┌─ Supplied data
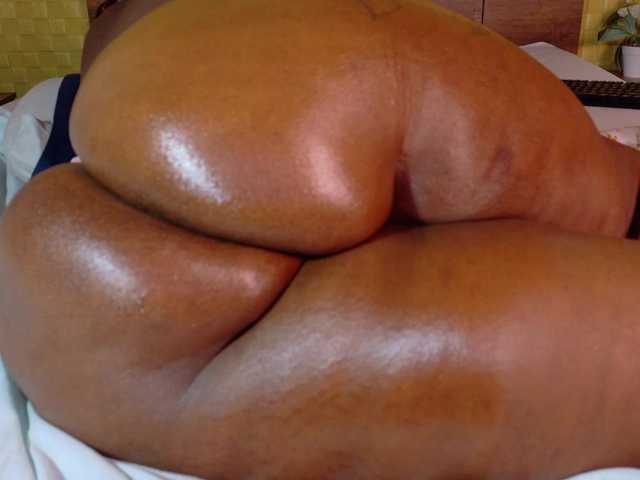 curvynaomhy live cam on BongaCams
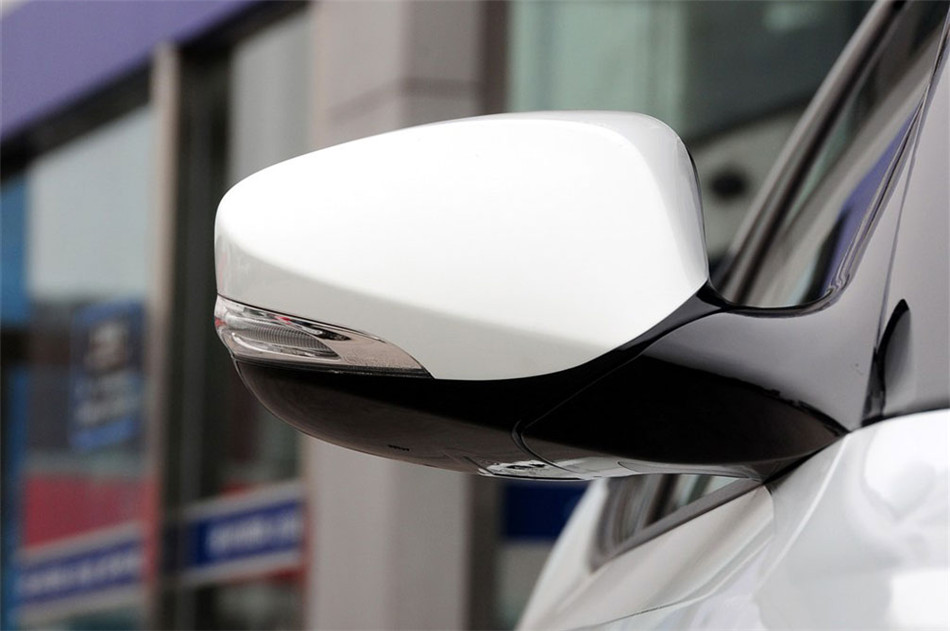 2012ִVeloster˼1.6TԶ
└─
┌─ Supplied data
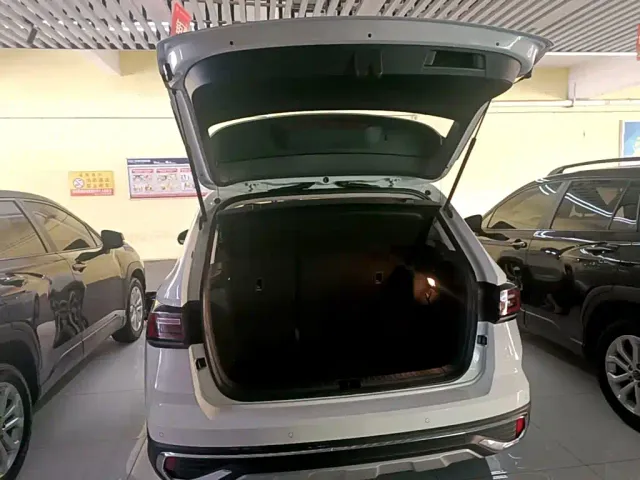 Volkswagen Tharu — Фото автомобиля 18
└─
┌─ Supplied data
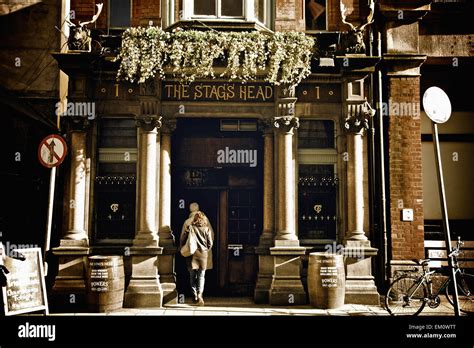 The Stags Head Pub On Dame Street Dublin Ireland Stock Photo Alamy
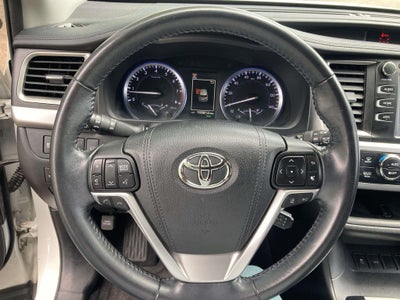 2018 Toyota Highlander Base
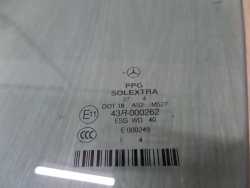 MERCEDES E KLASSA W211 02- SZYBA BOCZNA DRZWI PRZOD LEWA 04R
└─
## What you need to do
Once the line with "curvynaomhy live cam on BongaCams" is found above, print it and every line after it through the line with "2012ִVeloster˼1.6TԶ", exactly. Pictures stay out.

## Exercise response
 curvynaomhy live cam on BongaCams
 2012ִVeloster˼1.6TԶ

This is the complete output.